First Lady of Nevada
- Current
- Assumed role January 2, 2023
- Governor: Joe Lombardo
- Preceded by: Kathy Sisolak

Personal details
- Party: Republican
- Spouse: Joe Lombardo ​(m. 2015)​
- Children: 3
- Education: University of Nevada, Las Vegas (BS)

= Donna Lombardo =

First Lady of Nevada since 2023

Donna Lombardo is an American businesswoman who has served as the first lady of Nevada since 2023 as the wife of Governor Joe Lombardo.

== Early life and education ==
Lombardo moved to Nevada when she was in second grade. She graduated from Valley High School in Las Vegas and later earned a Bachelor of Science degree in marketing from the University of Nevada, Las Vegas in 1987.

== Career ==
Lombardo began her career in real estate in the mid-1980s and worked for CBRE, a commercial real estate brokerage, where she completed more than 1,400 transactions valued at over $2.4 billion, including the sale of 1,800 acres of land and more than 48 million square feet of building transactions. She has spent more than three decades in the industry and currently specializes in industrial sales and leasing. Lombardo serves as the executive managing director at Cushman & Wakefield in Las Vegas.

== First lady of Nevada (2023–present) ==
Lombardo became first lady of Nevada on January 2, 2023, when her husband, Joe Lombardo, was sworn in as governor.
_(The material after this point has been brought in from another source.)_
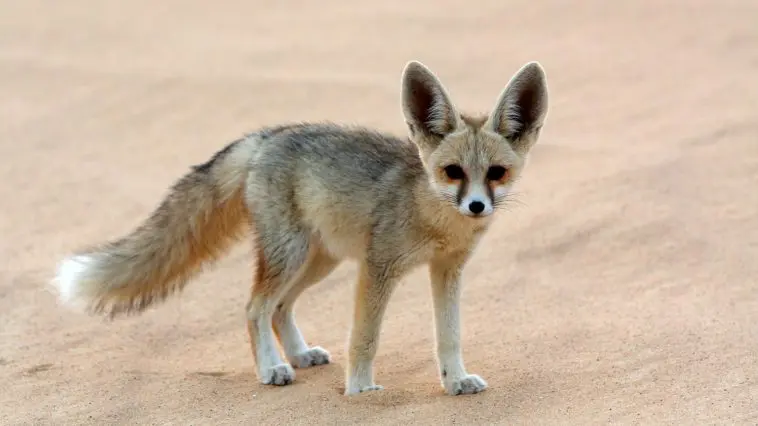 Fennec Fox on desert sand: ID 28644097 © Catherine Downie | Dreamstime.com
As first lady, she has focused on mental health advocacy, education, and support for small businesses. In June 2024, Lombardo and her daughter Lacey hosted a charity luncheon at the Nevada Governor's Mansion to connect non-profits and organizations across the state. In her first televised interview as first lady, Lombardo described herself as a “private person” who prefers to focus on meaningful community work rather than public attention. She has stated that her passion for mental health stems from personal connections to loved ones who have faced mental illness.

== Personal life ==
Lombardo and her husband Joe married in 2015. They have three children and a grandson.